Active vision

When owls scavenge for prey

Posted by Toon Van de Maele on February 19, 2021 · 6 mins read
[Read the paper]

In the case that a robots needs to manipulate, find, or do anything useful, it first needs to localize its target. Living organisms do this by first exploring the area in a seemingly intelligent manner, choosing locations they have not yet visited. When we are searching for something and find a cue that could potentially lead to the solution, we, like any other organism, will investigate this further to evaluate whether this leads to our target. As this is a logical approach to searching, we ask the question: “Can we mimic this exploratory behaviour by driving viewpoint selection through the active inference paradigm?”

We try to answer this question using a simulated robot manipulator in a workspace with blocks of varying shapes and colors in which the robot is tasked to find a single object.

Expected Free Energy

Active inference posits that living agents minimize their free energy by choosing specific actions. As it is impossible to know what will happen in the future, we can only estimate the free energy at a future point by computing the expected free energy G with respect to a potential viewpoint to visit.

\[\begin{equation} \begin{split} G(\mathbf{v}_{i+1}) &\approx -\underbrace{ \mathbb{E}_{Q(\mathbf{o}_{i+1}| \mathbf{o}_{0:i},\mathbf{v}_{0:i+1})}\big[ \text{D}_\text{KL}[Q(\mathbf{s}|\mathbf{o}_{0:i+1}, \mathbf{v}_{0:i+1})||Q(\mathbf{s}|\mathbf{o}_{0:i}, \mathbf{v}_{0:i})]\big]}_{\text{Epistemic value}} \\ &\quad- \underbrace{\mathbb{E}_{Q(\mathbf{o}_{i+1}| \mathbf{o}_{0:i},\mathbf{v}_{0:i+1})}[ \log P(\mathbf{o}_{0:i+1})]}_{\text{Instrumental value}} \label{eq:efe} \end{split} \end{equation}\]

Intuitively, this equation can be dissected in an epistemic and an instrumental term. The epistemic term computes how much the belief over the environment will change when visiting this novel viewpoint, and thus is a quantification of how much the robot can learn by moving to this position. The instrumental term, on the other hand, reflects how close the expected observation is to the target view the agent is trying to reach.

Generative Model

From the equation of G, it is clear that two elements are crucial in computing the expected free energy: a belief over the environment and the ability to imagine what will be observed. Similar to the blog post on robot imaginations, we learn a generative model by minimizing its surprise from prerecorded sequences to do just that.

As we consider the world to be unchanging, the model is slightly different from the previous post. The generative model consists of a posterior model that estimates the belief \(p(\mathbf{s} \vert \mathbf{o})\) over the environment from a sequence of observations, and a likelihood model that estimates the most likely observation to encounter when visiting a potential viewpoint. In the video below, you can see imaginative movement of the robotic gripper after scanning the scene shown on the right.

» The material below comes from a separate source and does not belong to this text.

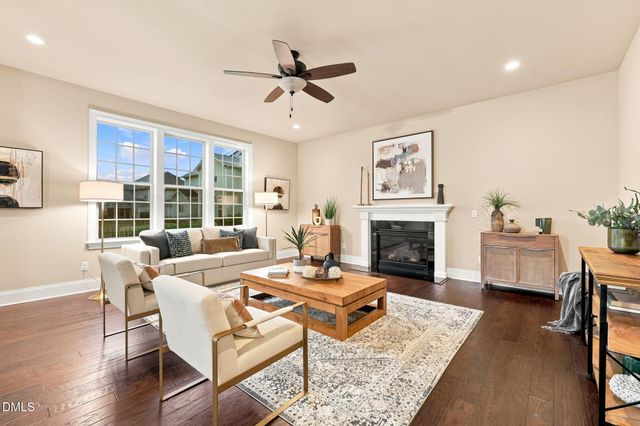 2841 Flora Oaks Way, Apex, NC 27523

Also, the model will integrate information as new views are collected. For example in the next video, you see how various viewpoints are imagined as more observations are gathered. Before the initial observation, the robot has no idea about the scene and will imagine random objects. After the first observation, the model roughly encodes the location of one blue and two yellow objects. The more observations are integrated, the better the model encodes the position and shape of the different objects in the scene.

Emerging behaviour

When we limit the robotic agent in height, we observe exploring behavior that scans the environment until it has found the target cube. This target is provided to the agent only as an observation. For example in the video below, the robot first moves to a different part of the scene to find yellow objects. Once these are spotted, it can infer the target pose, and moves to that particular location.

In a second experiment, we lift this limitation and allow the robotic agent to move in all three degrees of freedom. Not only does the agent reach its target faster than before, it also first moves upwards to acquire a broader scan of the environment, similar to how owls move to a high vantage point to scavenge for their prey.


The results for this paper show that we can create an intelligent robot that is able to search a real workspace using a learnt generative model using a generic objective. The fact that this objective works using only the imagined transition of belief over the environment and its corresponding observations after selecting a new viewpoint or action show that this approach could easily be extended to more complex use cases with a different generative model. If this model is complex and accurate enough to properly predict the outcome for a large set of possible actions, it could, for example, do manipulation tasks when provided with only a view of the desired solution.

For specifics on how to compute the expected free energy, the neural network parameters and other technical details, we refer you to the scientific paper.